▶ [ACTIVITY]: Could you give the records below again exactly, without the pictures?
'''
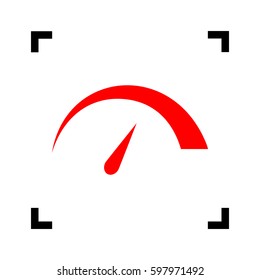 Speedometer sign illustration. Vector. Red icon inside black focus corners on white background. Isolated.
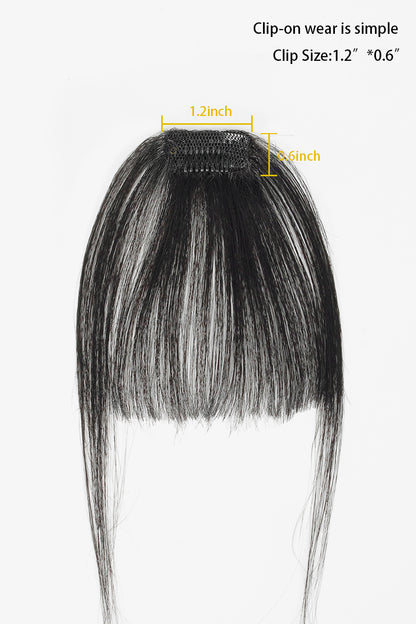Natural Black Clip-in Air Bangs with 1.2 x 0.6 Inch Clip Size – Easy Clip-On Hair Fringe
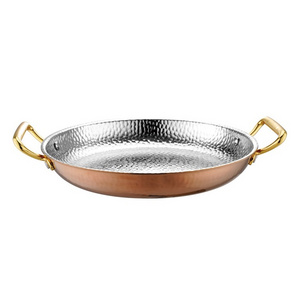 Restaurant Gold Handle Frying Pans Copper Cookware Triply Three Layer 304 Stainless Steel Non Stick Spanish Seafood Paella Pan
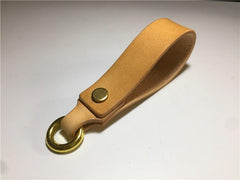 Beige Leather Brass Keyring Moto KeyChain Biker Leather Keyring Moto Cross Key Holders Key Chain Key Ring for Men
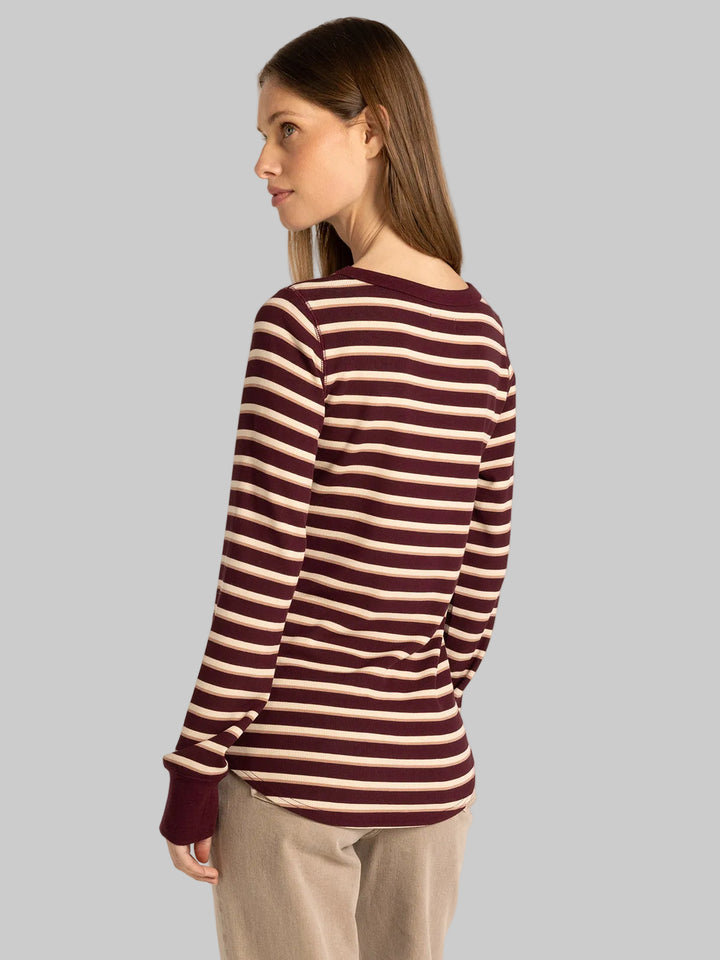 LONG SLEEVE STRIPED STACY TOP - MAROON MULTI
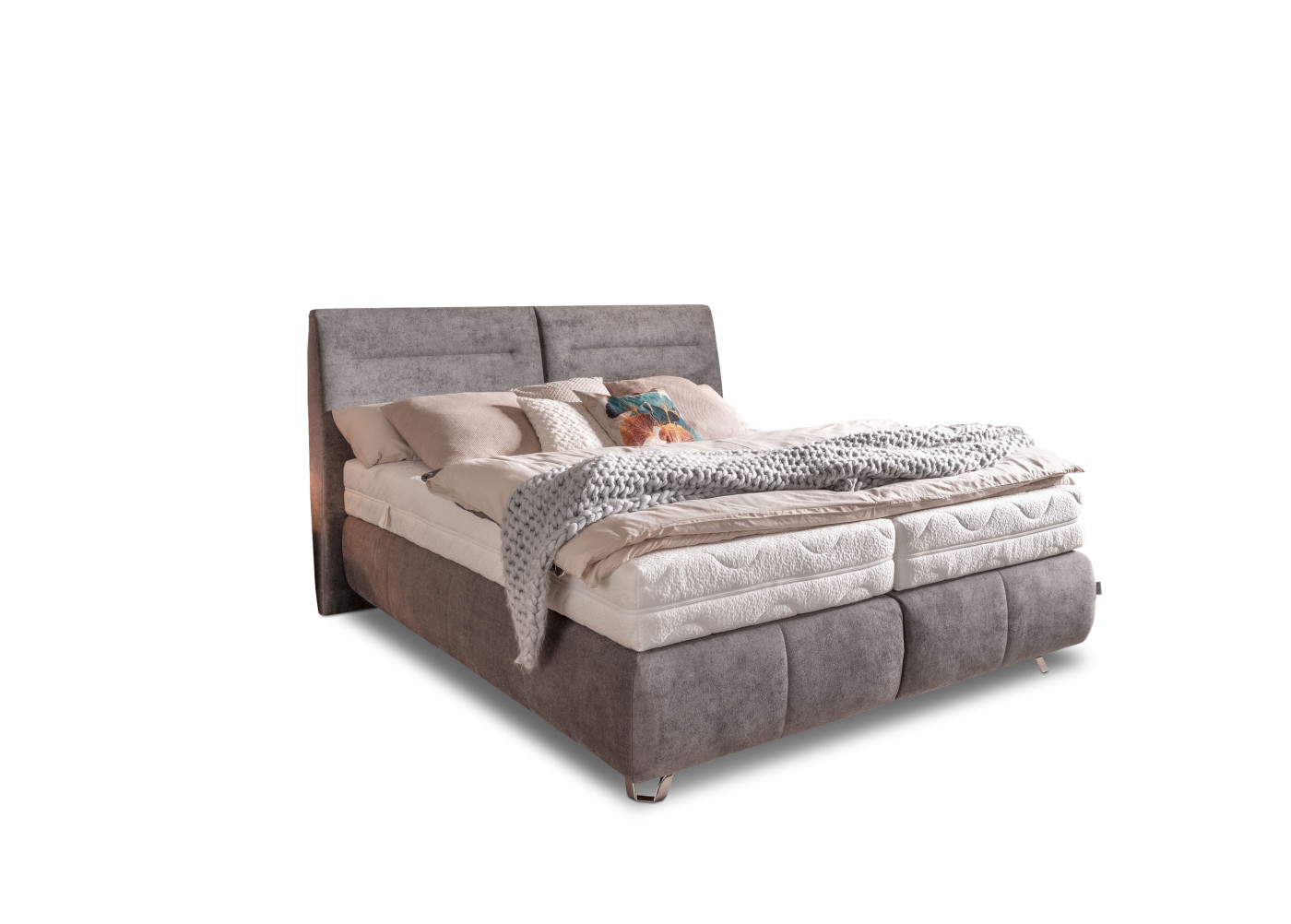 Boxspringbett SUPREME COMFORT in dunkelgrau, hellgrau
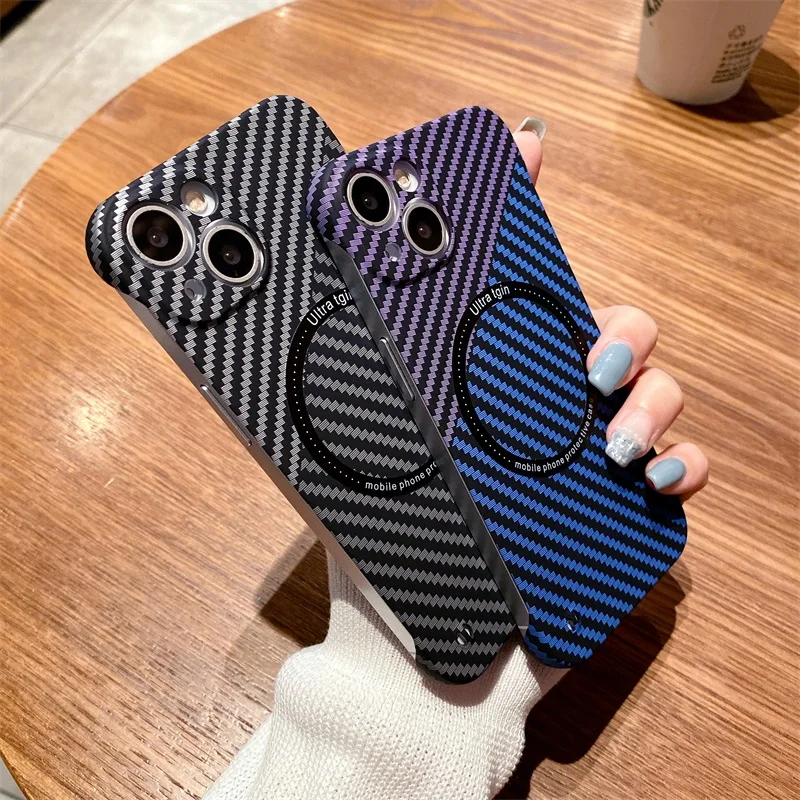 Ultra Thin Carbon Fiber Magnetic Case for iPhone 18 Pro Max 17 Air 16 15 14 13 11 12 For Magsafe Charging Frameless Hard Cover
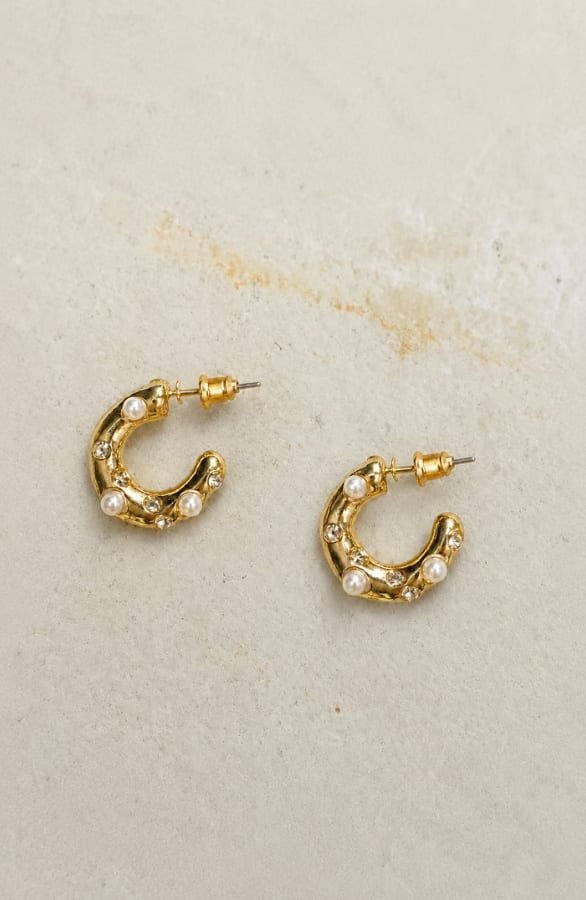 Gouden Ring Oorbellen Parels Met Strass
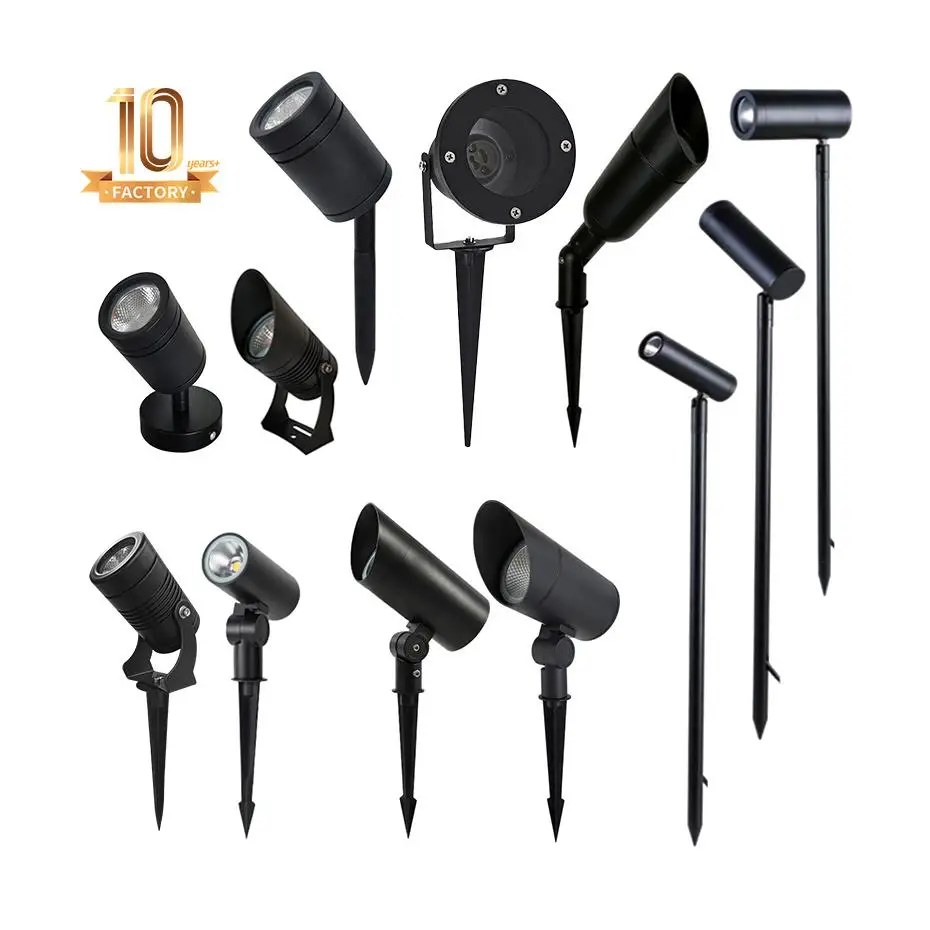 10W IP65 Waterproof LED Projector Light Spot Garden Lights for Landscape Lighting and Decoration Aluminum Spotlight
'''
▶ [RESULT FOR THIS TASK]:
 Speedometer sign illustration. Vector. Red icon inside black focus corners on white background. Isolated.
Natural Black Clip-in Air Bangs with 1.2 x 0.6 Inch Clip Size – Easy Clip-On Hair Fringe
 Restaurant Gold Handle Frying Pans Copper Cookware Triply Three Layer 304 Stainless Steel Non Stick Spanish Seafood Paella Pan
 Beige Leather Brass Keyring Moto KeyChain Biker Leather Keyring Moto Cross Key Holders Key Chain Key Ring for Men
 LONG SLEEVE STRIPED STACY TOP - MAROON MULTI
 Boxspringbett SUPREME COMFORT in dunkelgrau, hellgrau
 Ultra Thin Carbon Fiber Magnetic Case for iPhone 18 Pro Max 17 Air 16 15 14 13 11 12 For Magsafe Charging Frameless Hard Cover
 Gouden Ring Oorbellen Parels Met Strass
 10W IP65 Waterproof LED Projector Light Spot Garden Lights for Landscape Lighting and Decoration Aluminum Spotlight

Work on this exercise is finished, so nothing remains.